And let me give you the basics here. You can study it for yourself, but Matthew chapter 18, verses 15 to 17 – just watch the progression. Because what we tend to do, when something like this happens, is, we go to someone else, and start talking about it, instead of, Here’s the biblical process for thoughtful confrontation.
“If your brother or sister sins” – and they can be inside your home; they can be in your small group; they can be in the church, but, “If a brother or sister sins, go and point out their fault, just between the two of you. If they listen to you, you have won them over.
“But if they will not listen” – step two – “take one or two others along, so that ‘every matter may be established by the testimony of two or three witnesses.’ If they still refuse to listen, tell it to the church” – the idea, to the church leadership – “and if they refuse to listen even to the church, treat them as you would a pagan or a tax collector.” Doesn’t mean you don’t love them, but you’re not going to afford the same fellowship and relationship that you would with a brother or sister in Christ.
The third thing that happens is public accountability. You notice that they respond, and then, he doesn’t just say, “Okay, I’ve addressed the issue. I was really mad; I’ve thought about what to do,” but then, he says, “There’s got to be a follow through; there’s got to be a plan, so that what we’re talking about now” – because what happens in every situation? It just slides back to the way it used to be.
So, follow along, if you will, and notice what he does after they say, “Okay, we will do exactly what you say.” Verse 12, second half, “Then I summoned the priests and I made the nobles and the officials take an oath to do what they promised.” In other words, he went public. He calls an assembly. He says, “We’re going to look at this. There’s going to be public accountability.” And then, he calls the priests, and he says, “Priests, you represent God; nobles, you’ve been loan sharking, right? You took these people’s land?” “Yeah.” “You took their kids?” “Yeah.” “You did this; you did – okay, right? Ready? You said that you would stop it. Take an oath right now, before God, in the presence of these priests.”
And it says, “I also shook out the folds of my robe and I said, ‘In this way may God shake out of His house and possessions every man who does not keep this promise. So may such a man be shaken out and emptied!’ At this the whole assembly said, ‘Amen,’ and praised the Lord. And the people did as they promised.”

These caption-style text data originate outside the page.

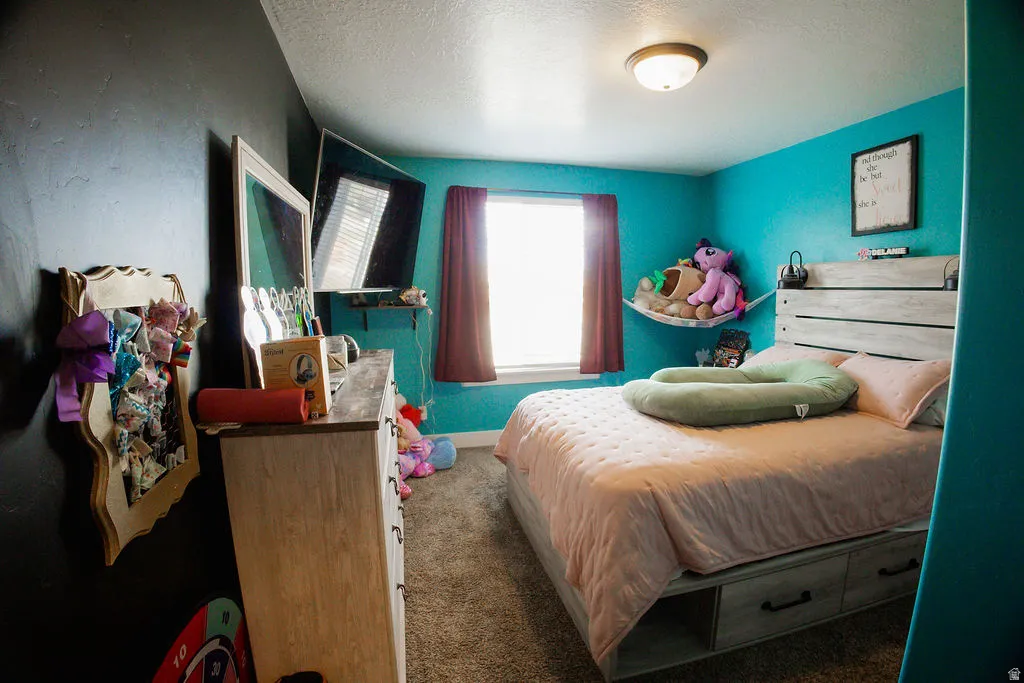 Carpeted room featuring a window with drapes, a light wood-finish bed frame with built-in storage drawers, and a ceiling-mounted light fixture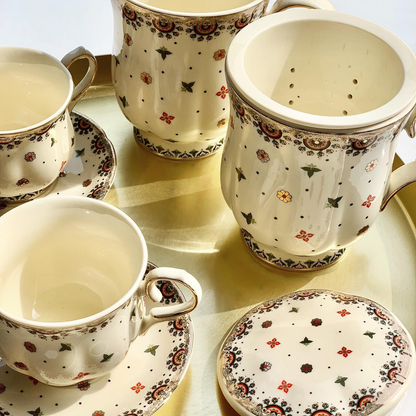 Zestaw porcelanowych filiżanek i kubka Casablanca z zaparzaczem i pokrywką na złotej tacy.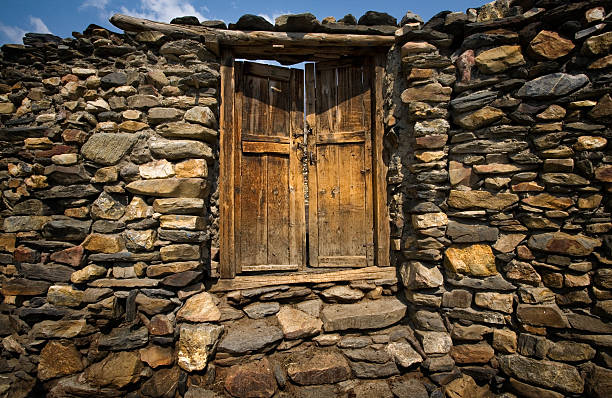 istock Wooden Door in Stone Wall 147262923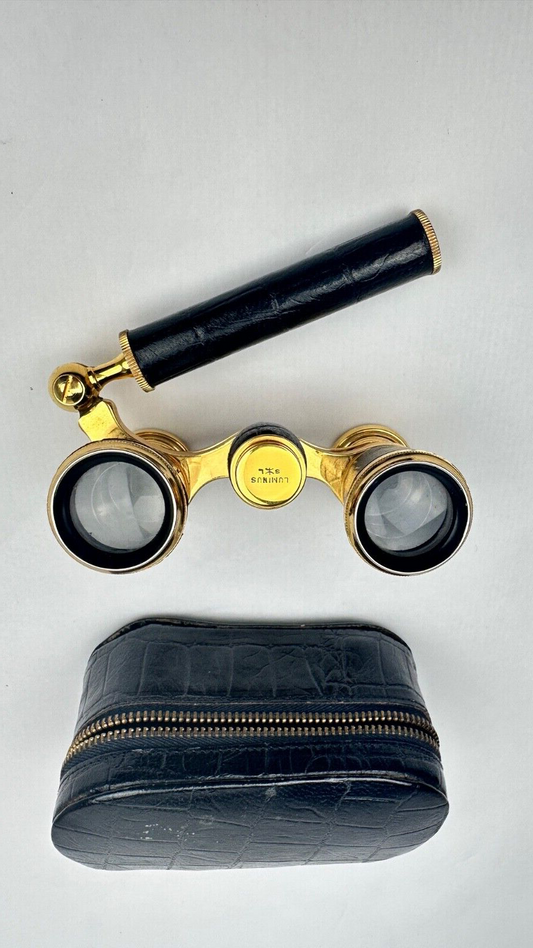 Jumelles de théâtre en cuir avec manche qui fait lampe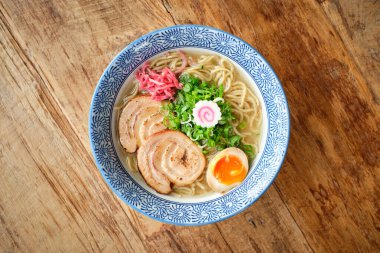 Lezzetli ramen çorbası haşlanmış yumurta ve ahşap masaya yerleştirilmiş seramik kasede servis edilen chashu domuz eti.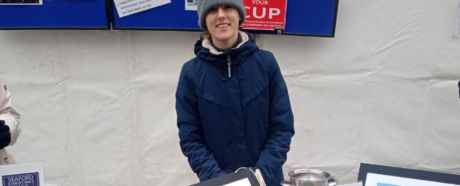 young girl selling items from a market stall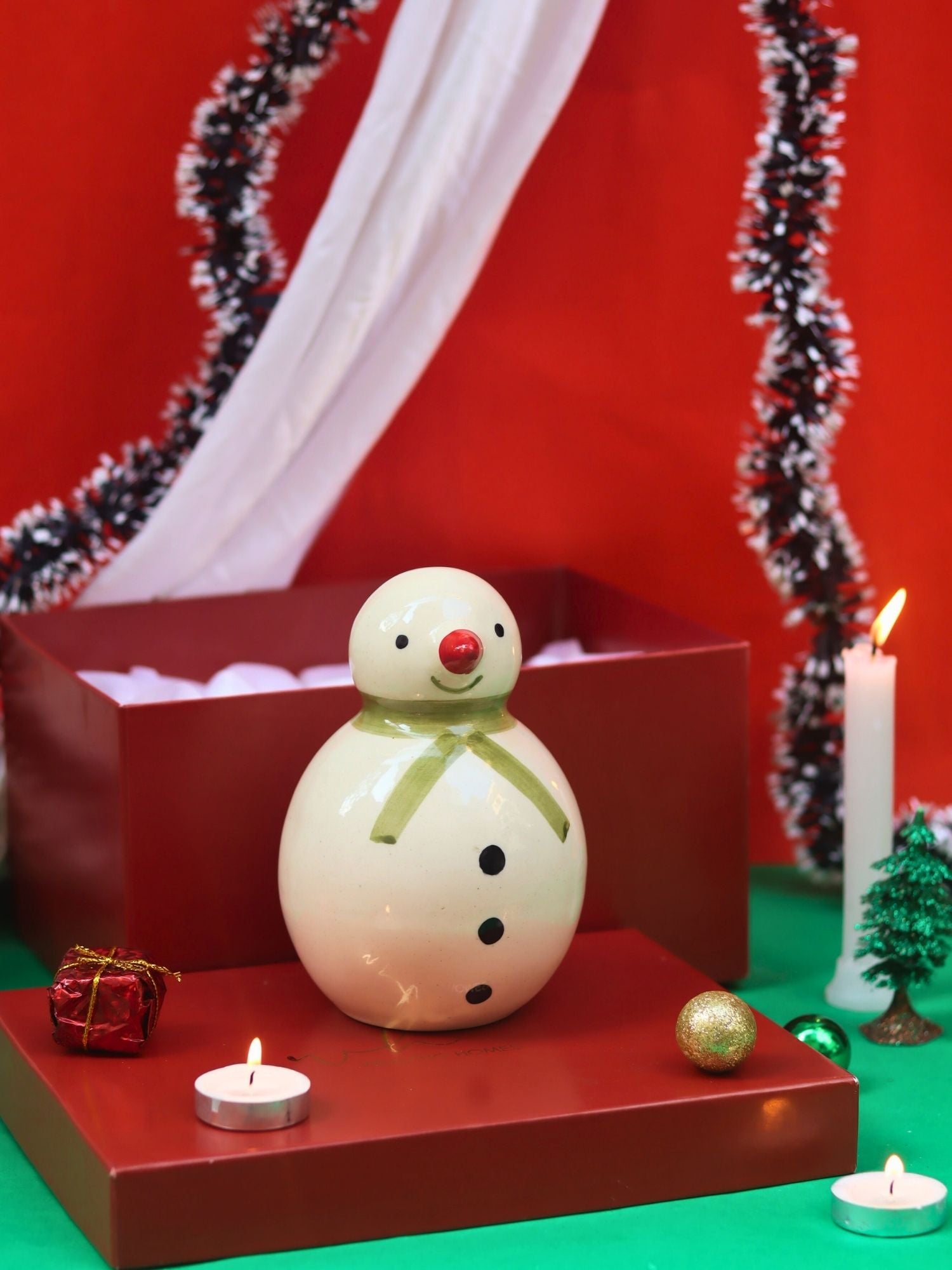 The Christmas Snowman in a Gift Box made by ceramic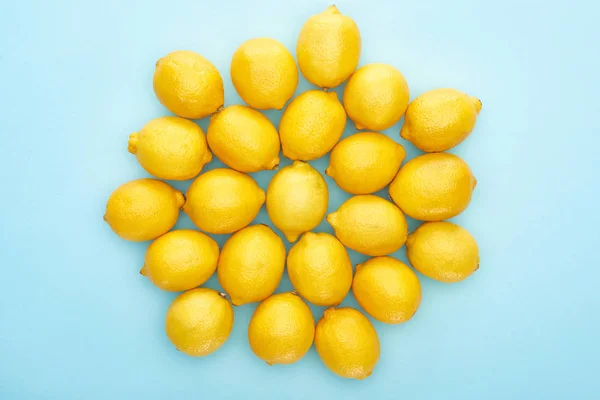 Top view of ripe yellow lemons on blue background — Stock Photo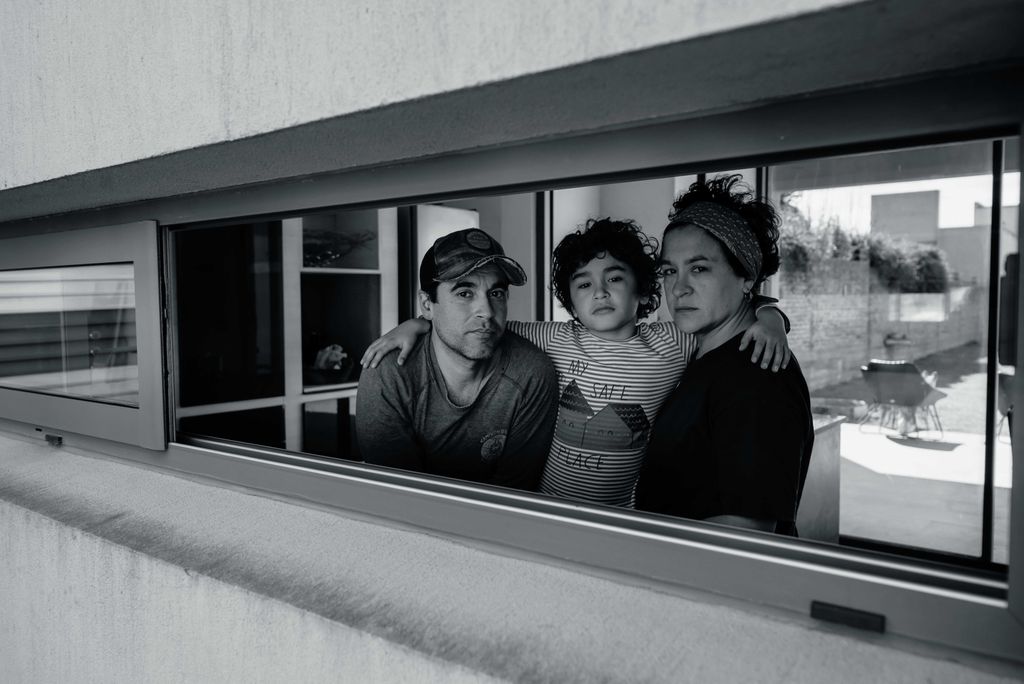A black and white portrait of a family trio gazing out from a window frame, capturing a reflective moment.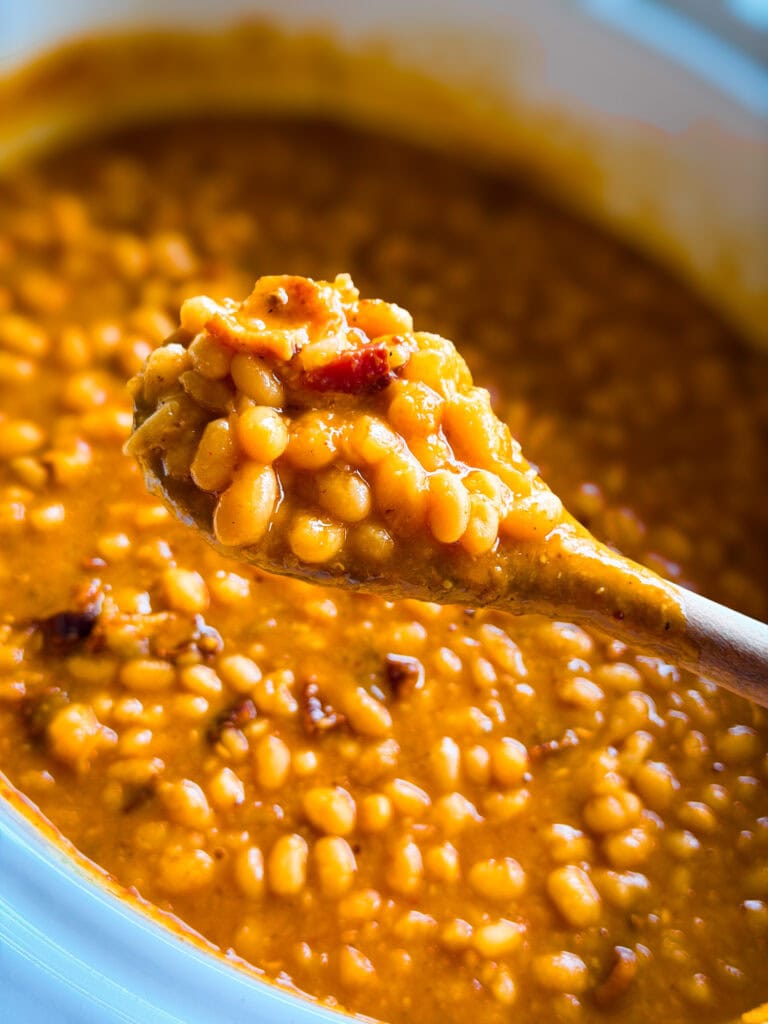 A close-up of a wooden spoon lifting baked beans in a rich, thick sauce from a pot. The beans appear tender and saucy, with visible bits of bacon or seasoning mixed in.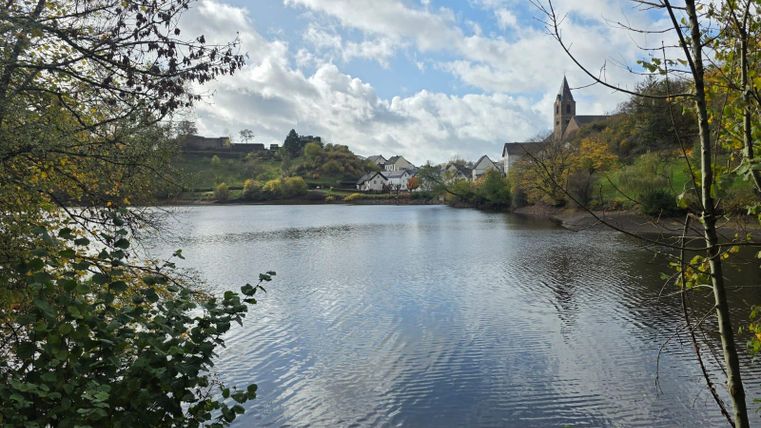 Ein ruhiger See umgeben von Bäumen und buntem Herbstlaub. Im Hintergrund sind Häuser und eine Kirche sichtbar.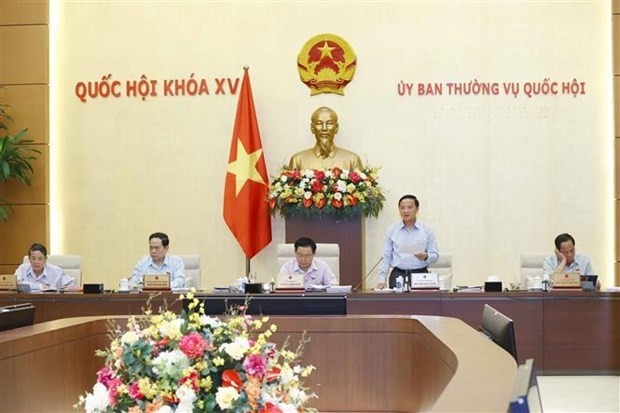 NA Vice Chairman Nguyen Khac Dinh speaks at the event (Photo: VNA)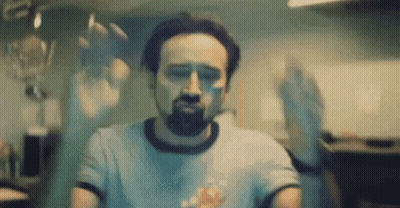 A Man With A Beard Is Standing In Front Of A Glass Door With His Hands Behind It . GIF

Now, what you need to understand about the culture, here, is, in the front folds of your robe, you would keep your personal possessions. And so, Nehemiah makes them take an oath, and there’s a large group, and they’re on the spot. He’s telling it like it is; he’s using the moral authority that God has given him.
And then, he unfolds his, and his personal stuff falls on the ground. And, basically, it’s a curse. “May God do to you just like all my personal stuff, and all – may He take every aspect of your life, and cause it to roll to the ground, if you don’t keep your promise.” And so, he publicly charges them. He has them verbalize what they’re going to do; he gets people on a follow-up plan. And so, what he does is, he provides public accountability to move forward.
Now, what’s this got to do with us? 1 Timothy chapter 5, verse 19, says, “Do not entertain an accusation against an elder unless it is brought by two or three witnesses. But those elders who are sinning you are to reprove before everyone, so that others may take warning.”
All I want you to see is, even in the New Testament, when there are issues where it’s…these aren’t gray areas. This isn’t my opinion versus your opinion. This is when, in the Church, people violate the clear truth of God’s Word.
And when they violate it, this is someone with the courage, who does it lovingly, kindly, under control, but says, “That behavior, or that attitude, is destroying the unity, and when the unity is destroyed, and we’re not on the same page, the work of God gets thwarted.”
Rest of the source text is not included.